From the bend up ahead, a black silhouette exploded into view.
At first, they thought it had oversteered—no way it could hold the line at that speed.
But then it corrected perfectly, slicing out of the curve dead-center, hugging the ideal racing line.
And then, it accelerated.
The Diomas Nilo roared, black paint glinting like a predator's hide, and its velocity spiked to insanity.
It wasn't fast—it was faster than fast.
Bullets were slow compared to this.
Hell, this thing moved like a missile tearing across the road.
Their jaws dropped.
Hands holding rifles trembled. Fingers froze on triggers.
They were too stunned to even shoot.
Just seconds ago, they had mocked Leon as a "garage monkey."
Just seconds ago, they had laughed about his "slow little car."
Just seconds ago, they had called him garbage.
Now?
Now, the "mechanic" was piloting a missile straight at them.
If that car struck, anyone in its path would be sent flying a hundred meters or more.
"My god—this isn't a car, it's a plane crash-landing!" one shouted.
"My legs—my legs won't move!" another stammered.
"Save me!"
"How the hell are we supposed to stop that?!"
The bravado drained from them instantly, leaving only fear. Half their will to fight evaporated before the battle even began.
Standing in the path of the Diomas Nilo's charge? That required courage no man here possessed.
"Bastards! Shoot! Fire, damn it!" Wadia bellowed, veins bulging with fury.
His soldiers, so bold minutes ago, had turned into trembling cowards.
How could his men be so useless?
They made him look like a fool.
"Fire!!!" Wadia screamed, pulling the trigger himself.

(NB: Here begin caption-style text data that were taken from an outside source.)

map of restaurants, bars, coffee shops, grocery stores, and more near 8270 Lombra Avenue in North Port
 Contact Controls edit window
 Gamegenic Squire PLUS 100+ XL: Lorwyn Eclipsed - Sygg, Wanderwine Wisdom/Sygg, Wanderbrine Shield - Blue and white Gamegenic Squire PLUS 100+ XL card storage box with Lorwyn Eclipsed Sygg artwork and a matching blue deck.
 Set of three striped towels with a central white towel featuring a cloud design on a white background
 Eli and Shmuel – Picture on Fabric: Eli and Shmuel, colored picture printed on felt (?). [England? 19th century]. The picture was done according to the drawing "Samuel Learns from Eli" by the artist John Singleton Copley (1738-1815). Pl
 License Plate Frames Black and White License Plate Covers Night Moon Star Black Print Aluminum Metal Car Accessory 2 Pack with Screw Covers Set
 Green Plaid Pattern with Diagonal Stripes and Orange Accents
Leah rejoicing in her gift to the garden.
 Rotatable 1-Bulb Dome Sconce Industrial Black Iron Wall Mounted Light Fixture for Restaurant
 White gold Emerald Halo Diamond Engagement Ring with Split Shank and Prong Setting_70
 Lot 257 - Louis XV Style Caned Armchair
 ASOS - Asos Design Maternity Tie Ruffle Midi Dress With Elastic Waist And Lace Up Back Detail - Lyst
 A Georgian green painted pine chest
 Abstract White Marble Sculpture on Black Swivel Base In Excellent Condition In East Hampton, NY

His submachine gun roared, spitting fire, a storm of bullets raining at the oncoming car.
The others finally followed, unleashing a deafening hailstorm.
Spent shells clattered on the ground as barrels smoked from the heat.
But the Diomas Nilo didn't slow.
Not a scratch.
Not even a crack in its bulletproof glass.
"Impossible!!" Wadia's eyes went wide, his soul nearly leaving his body.
Even the strongest armored vehicles couldn't withstand sustained fire from ten SMGs without so much as a spiderweb crack in their windows.
But this car? This car shrugged it off like raindrops.
What kind of machine were they facing?!
Desperation clawed at him. Wadia kept firing, then yanked out a sidearm, adding more futile rounds.
"Bring out the grenade launchers! Use the damn launchers!!" he roared in panic.